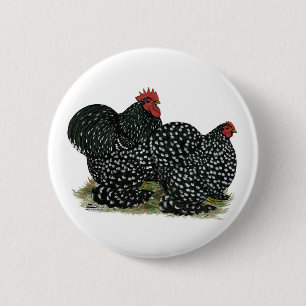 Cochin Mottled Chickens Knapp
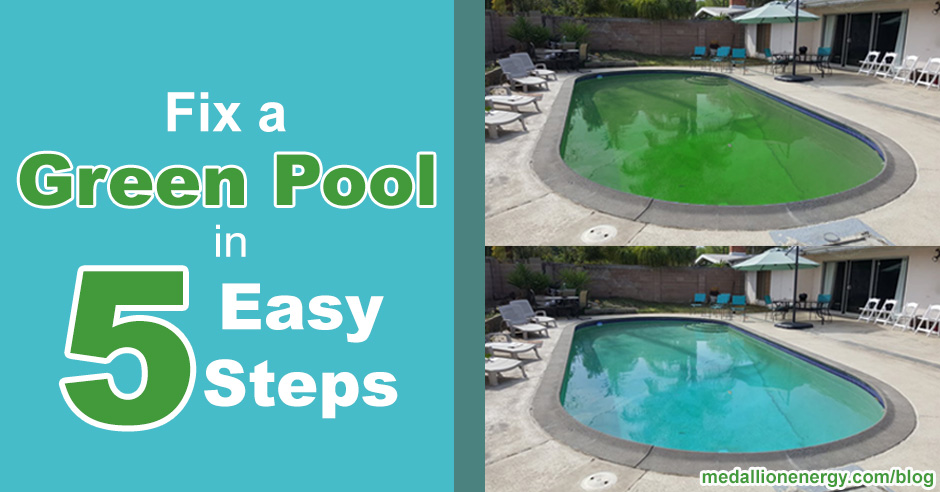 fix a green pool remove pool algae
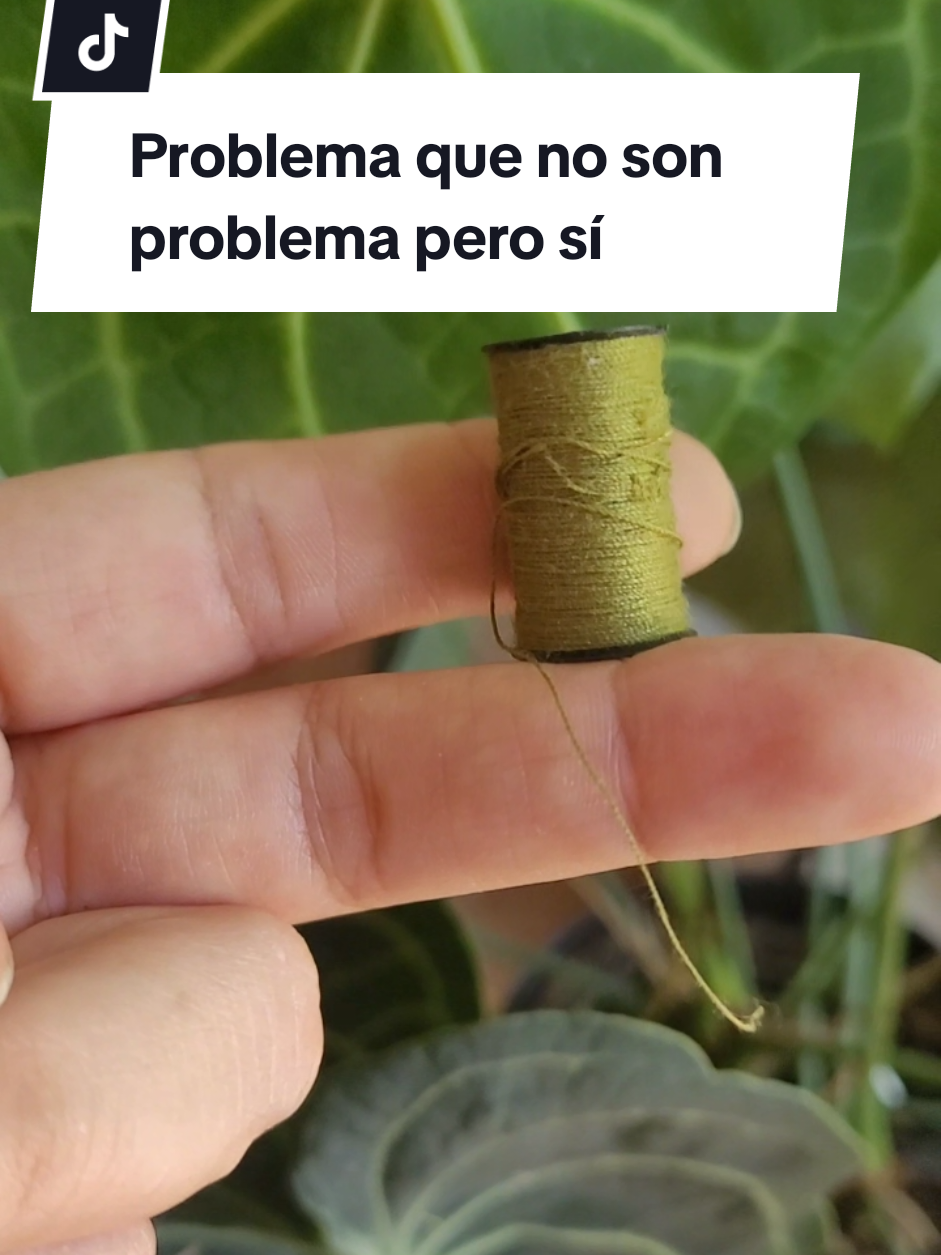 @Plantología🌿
----
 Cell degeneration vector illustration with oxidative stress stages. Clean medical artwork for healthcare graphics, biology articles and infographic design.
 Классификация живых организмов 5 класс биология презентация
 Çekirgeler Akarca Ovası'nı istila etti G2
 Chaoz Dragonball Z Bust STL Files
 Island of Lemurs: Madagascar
----
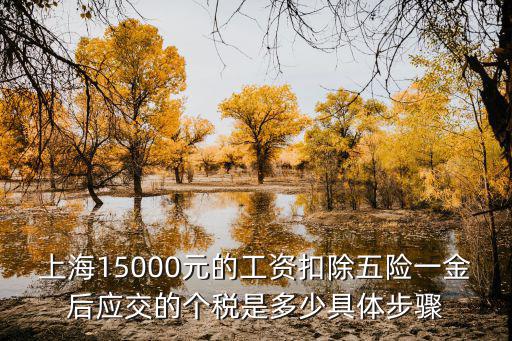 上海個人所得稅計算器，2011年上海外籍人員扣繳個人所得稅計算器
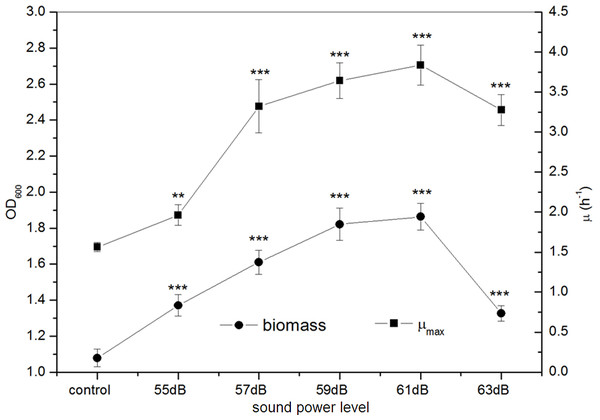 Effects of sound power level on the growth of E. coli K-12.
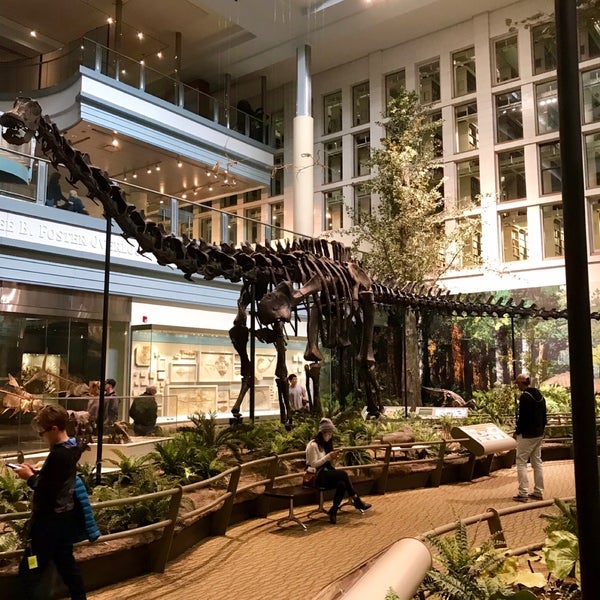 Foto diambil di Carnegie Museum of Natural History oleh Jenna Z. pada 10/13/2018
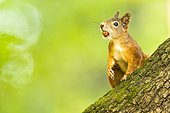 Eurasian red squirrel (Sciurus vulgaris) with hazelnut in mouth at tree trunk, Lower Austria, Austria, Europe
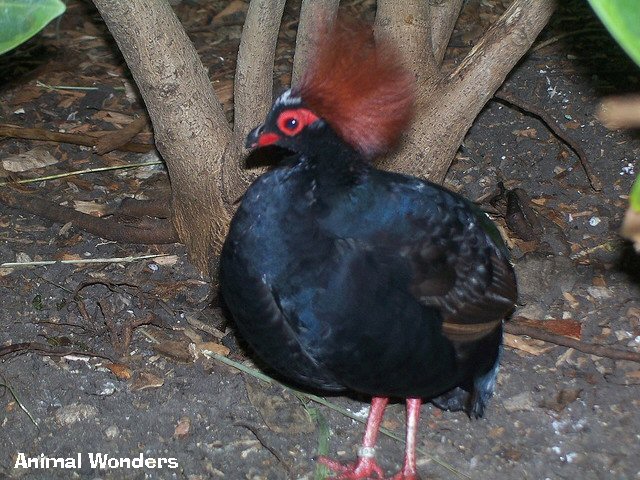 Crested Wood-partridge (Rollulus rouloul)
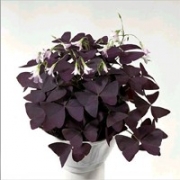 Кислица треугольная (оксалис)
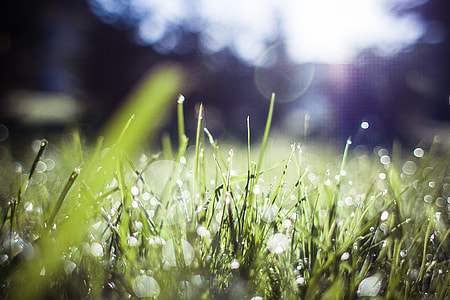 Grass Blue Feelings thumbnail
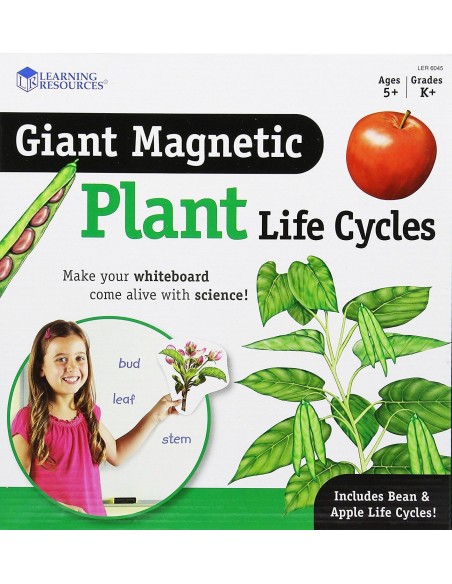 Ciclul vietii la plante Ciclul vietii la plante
----
Problem description
Nothing but the lines above, starting at the line that contains "Crested Wood-partridge (Rollulus rouloul)" and ending at the line that contains "Ciclul vietii la plante Ciclul", should be given again, exactly and without the pictures.

Result of the task
 Crested Wood-partridge (Rollulus rouloul)
 Кислица треугольная (оксалис)
 Grass Blue Feelings thumbnail
 Ciclul vietii la plante Ciclul vietii la plante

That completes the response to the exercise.